From the Archives: School a la Carte

In newspapers from the early 1800s, they are everywhere. Individual proprietors advertised their services to the population of cities. Parents and children could slap together as much education as they could afford, with rates published up front. It might sound like a purely private, market-driven system, but the fine print shows it wasn’t that simple.

a la carte education

From Freedom’s Journal (New York), October 17, 1828

In this case the school was for African-American kids in Philadelphia, c. 1828. As I’ve argued recently in the Washington Post, I think conservatives who dream of injecting more market forces into public education don’t really understand how things worked back when the market WAS in control. As I dig through the newspapers and records of African-American schools in the early 1800s, it is obvious that tuition payments alone could not provide the schools kids needed.

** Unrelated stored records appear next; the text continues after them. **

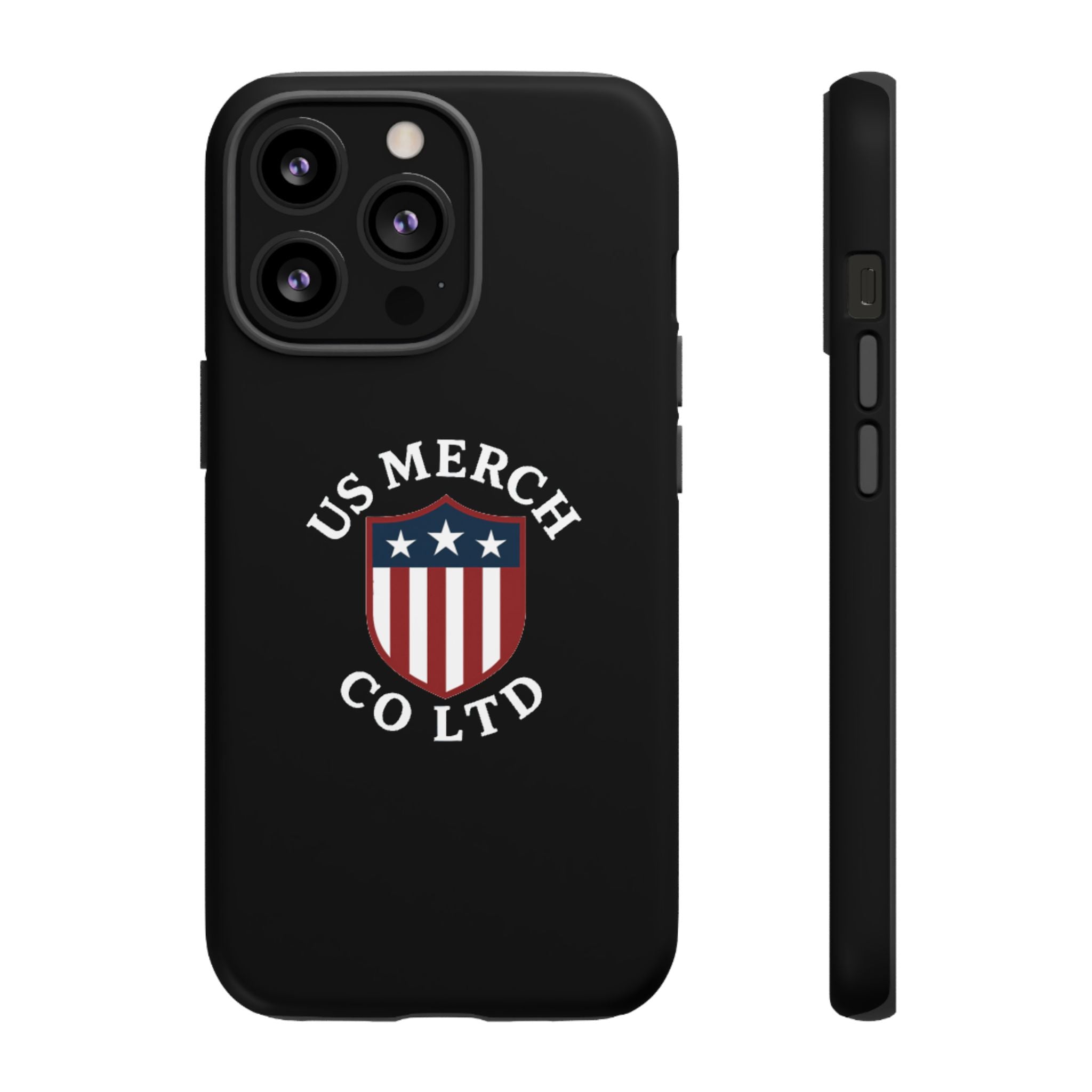 Tough Cases — US Merch Co Tough Phone Case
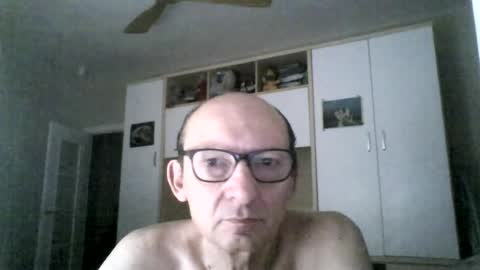 serrano49 online show from July 19, 1:44 am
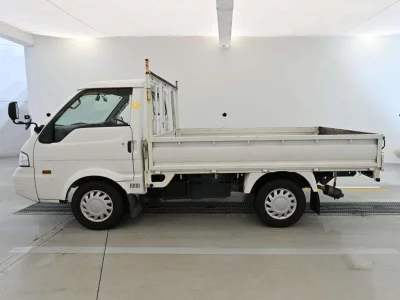 MAZDA BONGO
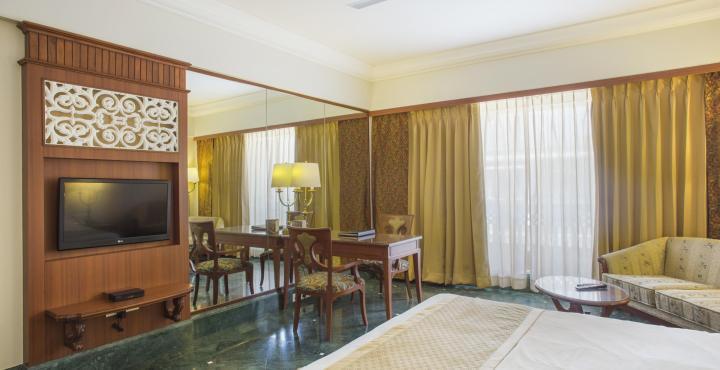 Indana Palace, Jodhpur Τζοντχπούρ Εξωτερικό φωτογραφία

Sure, some families likely thrived with schools like these, but even these “private” academies relied on public funding. As you can see in this advertisement, Philadelphia’s Academy didn’t survive on tuition alone. It also received

liberal patronage from a generous public.

Over time, that patronage evolved into reliable, secure tax funding. Then and only then were schools able to flourish, for both white and black students. When people these days yearn for public schools that don’t rely entirely on tax funding, they don’t seem to realize what they are asking for.

In the bad old days of early public schooling, schools like the Morris’ Alley Academy were forced to cobble together funding from all over the place. I think if Gloucester and Jones could sit down with DeVos and Friedman, they would set them straight.